By: Jonas Wedin and Roger Ostvold
Digital platforms are critical to the future success of Nordic companies because they generate new revenue streams. And add value to existing products to preserve and protect current sources of revenue. Yet although the region has some of the business world’s leading examples of digital platforms, too many companies are hesitating. Those that continue to do so risk falling so far behind, that catching up competitively may prove impossible.
Most executives believe that the future of business lies in the melding together of business, with industry lines continuing to blur. In fact, according to Accenture research, seventy percent of executives in the Nordics said that digital platforms will reshape industries into interconnected ecosystems. (See “Digital platforms: Our definition.”)
What, exactly, is meant by that?

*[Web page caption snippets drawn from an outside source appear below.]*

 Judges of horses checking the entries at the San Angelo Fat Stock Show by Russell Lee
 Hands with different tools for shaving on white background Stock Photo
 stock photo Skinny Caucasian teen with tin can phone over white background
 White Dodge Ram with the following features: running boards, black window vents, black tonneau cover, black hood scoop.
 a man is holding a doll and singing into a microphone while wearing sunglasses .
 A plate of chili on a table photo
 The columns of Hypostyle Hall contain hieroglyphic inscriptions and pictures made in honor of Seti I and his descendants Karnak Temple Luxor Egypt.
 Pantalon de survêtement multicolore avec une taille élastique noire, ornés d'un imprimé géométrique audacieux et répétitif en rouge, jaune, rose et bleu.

Consider how the music industry transformed through Spotify’s platform. Instead of a multitude of labels vying for distribution in a variety of channels, digital technology allowed the creation of one channel that brings together a variety of industry suppliers for a solution that’s better for the end user: music fans. But despite shining examples from the Nordic region like Spotify and others, too many companies are hesitating when it comes to adopting digital platforms.

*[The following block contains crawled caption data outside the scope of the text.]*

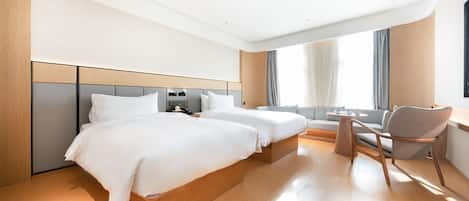 A hotel room with two beds, a desk, and a chair.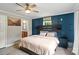 Bedroom features a dark accent wall, plush bed, and an attached bath suite at 2021 Beamguard Rd, Clover, SC 29710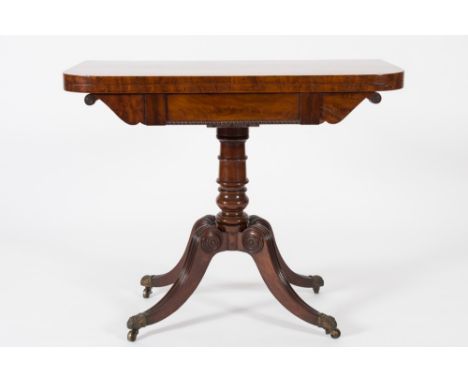 A Regency mahogany rectangular card table:, the baize lined hinged top with rounded corners, the frieze with bead ornament on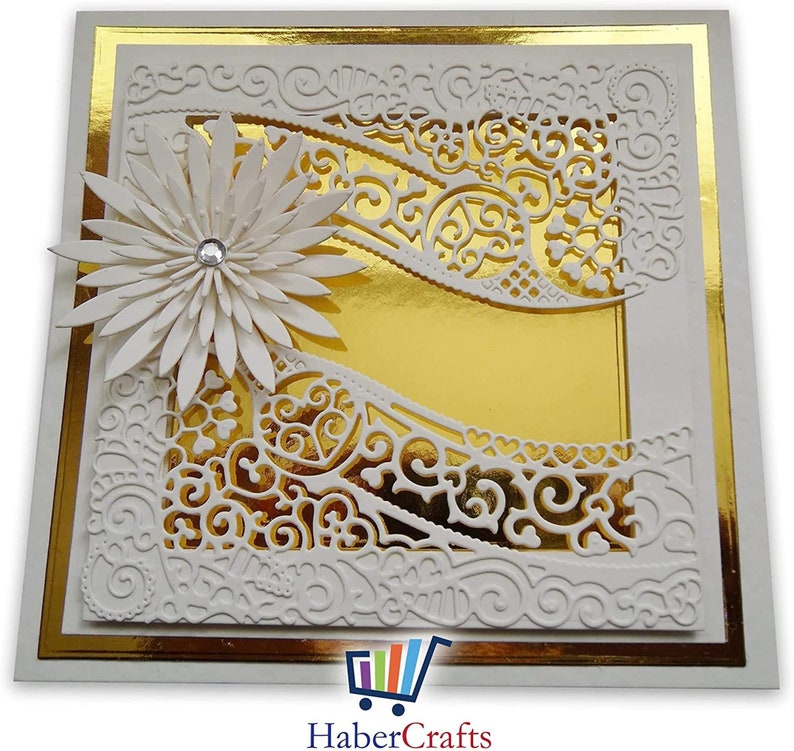 K&ouml;nnte beinhalten: Eine wei&szlig;e Karte mit goldfarbenem Rand und einem wei&szlig;en Papier-Serviettenmuster. Das Serviettenmuster hat eine wei&szlig;e Blume mit einem Strassstein in der Mitte oben links. Die Karte ist leer und bereit f&uuml;r eine Nachricht.
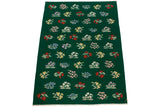 Colorful floral blossoms and bouquets in a diagonal pattern on a forest green Kilim with fringe.
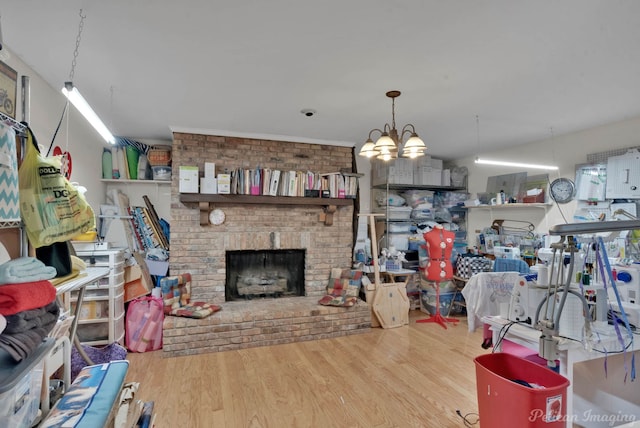 living area featuring a brick fireplace and wood finished floors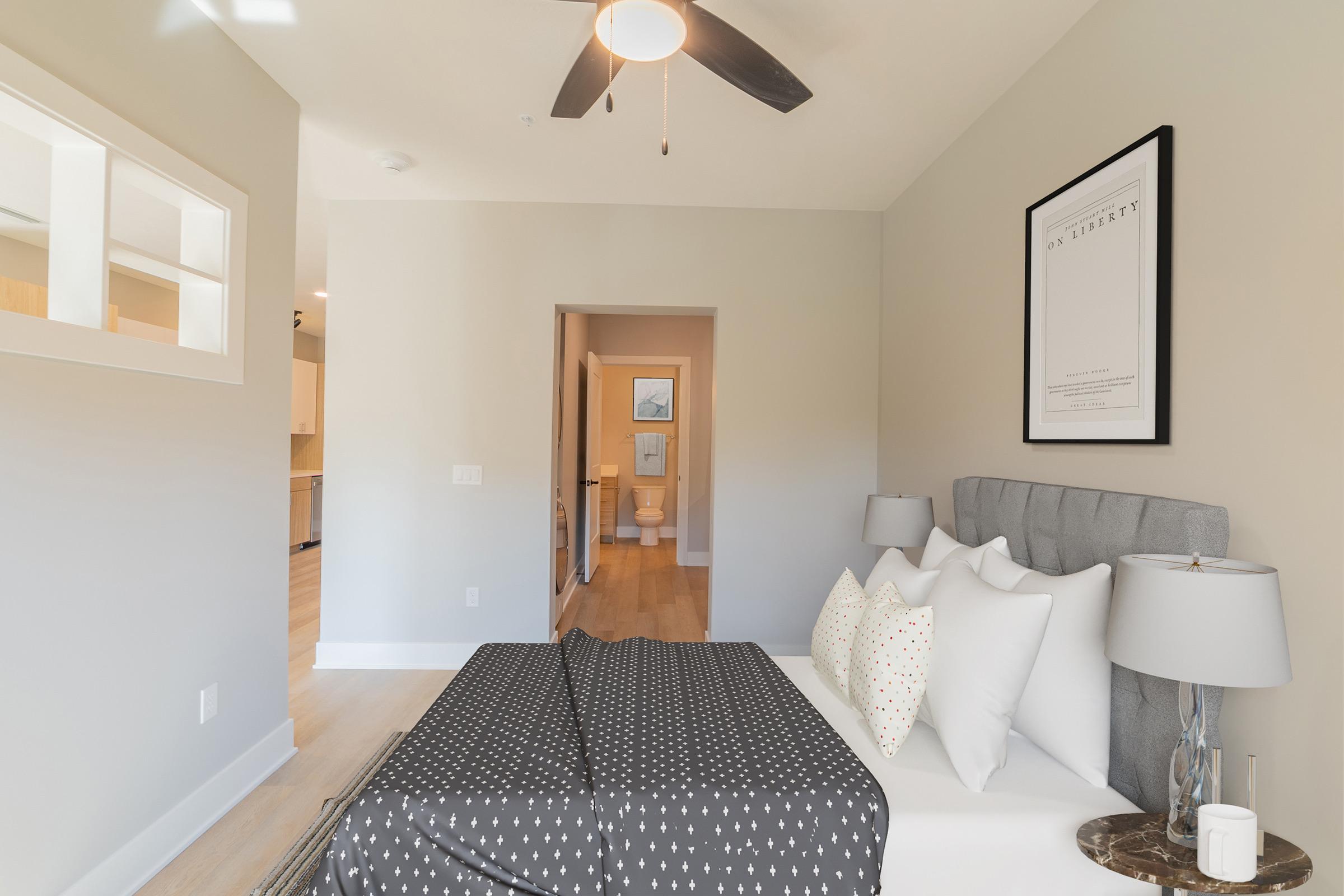 A modern bedroom featuring a gray upholstered bed with white pillows and a patterned blanket. A decorative lamp sits on a nightstand. In the background, a doorway leads to a well-lit hallway and a bathroom, showcasing light wood flooring and neutral-colored walls.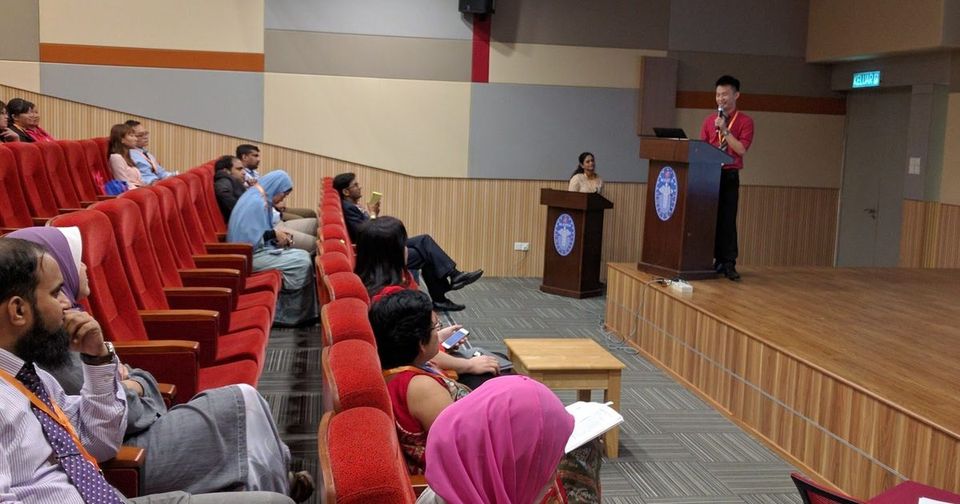 A speaker at the lectern on stage while delegates listen from the red seats of the auditorium.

For those that continue to hold off participating in these digital ecosystems, competitive risks abound: They’ll spend far too much money doing everything themselves instead of leveraging platforms. And, ultimately, rivals will create a competitive gap that may be impossible to close.
What exactly is a digital platform? Our definition
People are talking about digital platforms, and many have different views of exactly what it entails. So here’s our definition:
“A digital platform brings together process, people, technology and information into a value network that provides consumers and businesses access to an extensive selection of products and services within and across multiple markets. By enabling multiple parties to engage in networked commerce, digital platforms create a multiplier effect, quickly increasing demand for products and services and generating additional value for various users along with the platform’s owner.”
Building your platform
Digital platforms serve as a critical point of intersection, bringing products and services together into a richer, more personalized experience, while creating value for both consumers and businesses. Platforms exist that respond to virtually any link of a company’s value chain.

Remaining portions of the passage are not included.